Sheesh. It's not like flash storage is expensive.
So close, but so far. All they had to do was spend another $20/unit to
prevent it from sucking. {sigh} But maybe the Mooltipass. (Yes, that
is indeed a Fifth Element / Luc Besson reference. Clever of you to notice.)
There may be a good one. I've not yet run across it. (What would be a
good design & feature set is obviously debatable, a matter I'll return
to, below.)
o Something different but similar (and usually with overlapping
functionality is the category of two-factor[1] authentication (2FA) token,
such as FST-01, U2F Zero, Nitrokey, YubiKey, and Mooltipass.[2] See:
https://anarc.at/blog/2017-10-26-comparison-cryptographic-keycards/
https://www.themooltipass.com/
http://www.hackmod.de/Mooltipass-Passwort-Manager
http://nistur.com/mooltipass/
I'm not saying those are bad.
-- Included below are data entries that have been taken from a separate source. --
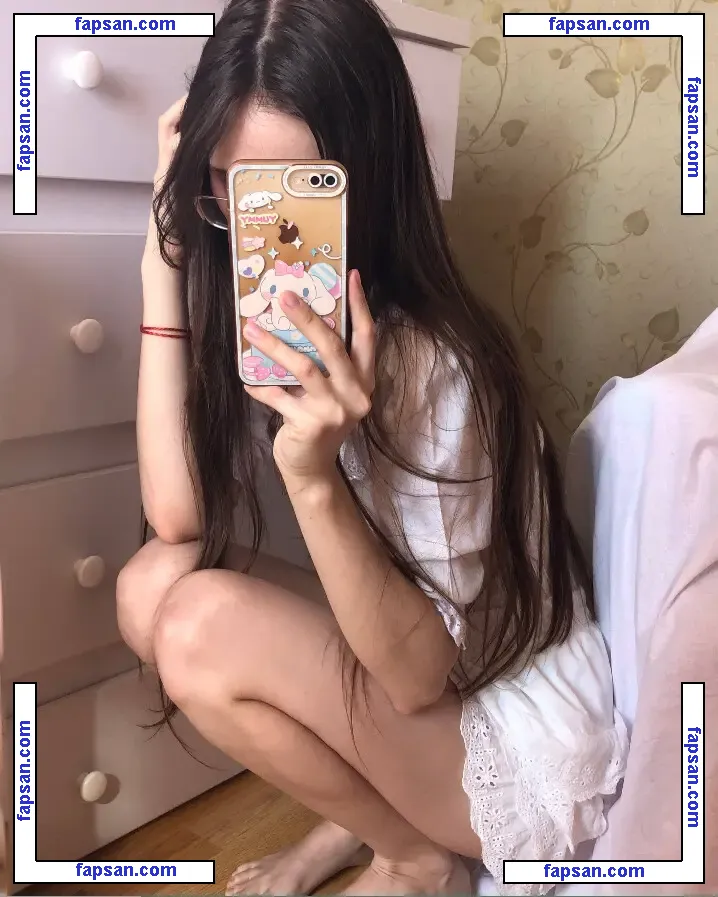 lolyamolya nude photo #0002 from OnlyFans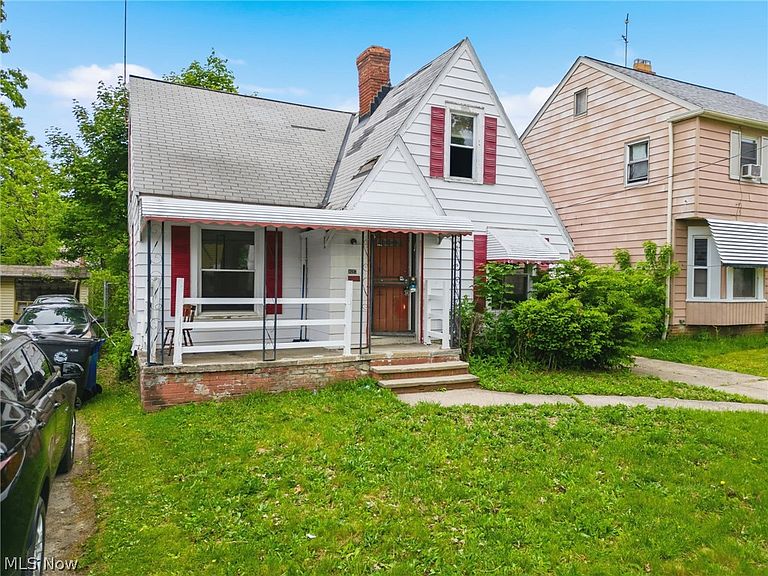 Listing photo 3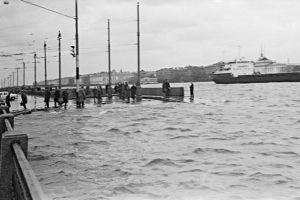 Как в XX веке после наводнений в Петербурге сушили экспонаты музеев и плавали на лодках по улицам. 15 архивных фотографий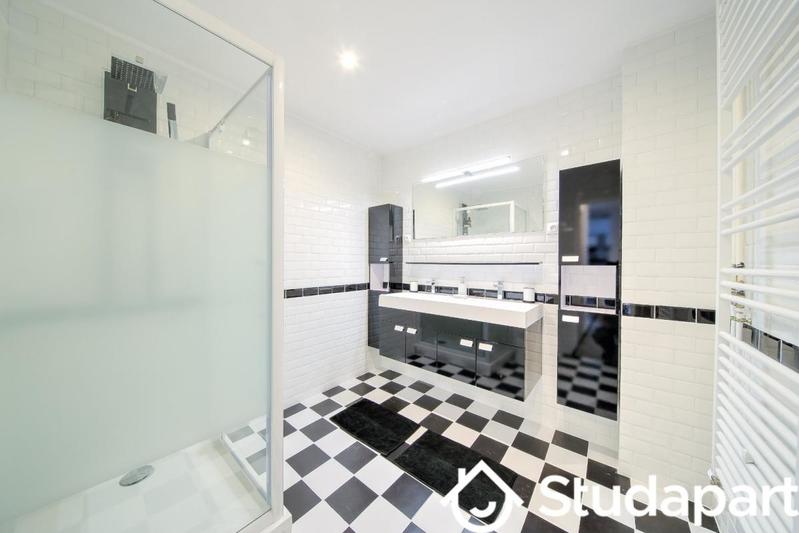 Chambre - 12 m² - 1 pièce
They're worth looking at -- but, again,
the key thing is to _understand_ the big picture and see their role
in security in context. If you don't yet, then that's the first problem
to solve.
Which gets us back the question I keep pondering: What features should
such a pocket gadget include? The market seems to overwhelmingly want
a device that can entire security tokens directly to software on your
computer, either by emulating a USB keyboard, talking to a Web-browser
plugin, or sending input data over Bluetooth. For me, the more limited
the pocket device's communication with Internet-facing & similar
computers, the better -- so that security compromise of the computer
cannot seize contents of the pocket device. IMO, it should be possible
to fully use the pocket device while doing only the bare minimal
communication with any computer necessary to back it up or restore it.
Like, that might involve the pocket device using a microSD chip for
storage that can be optionally removed to back up / restore its
encrypted files. Implicitly, this means the pocket device must include
its own display screen and input method.
The Mooltipass appears to be able to do that, if barely, if I'm
understanding correctly references to its 'touch interface' usable
for local-only input. (The newer and smaller Mooltipas Mini has
more-limited input abilities.) The device is _intended_ to type
credentials for the user via USB, but appears to be able to do
standalone-only operations, too, if awkwardly. (But if you want it to
be an attached two-factor authentication device, it's designed
specifically for that.)
[1] To use the field's jargon, authentication can involve one or more of
these three classes of factors: a thing you know (e.g., a password), a
thing you are (biometrics), a thing you have (e.g., a security dongle
such as an RSA SecureID gadget producing pseudorandom one-time tokens
or one of the token examples listed.
[2] 'Passwords are bad, so everyone should use $THING instead' is a
separate discussion. In the world as it is, we must manage passwords
irrespective of what the world ought to prefer.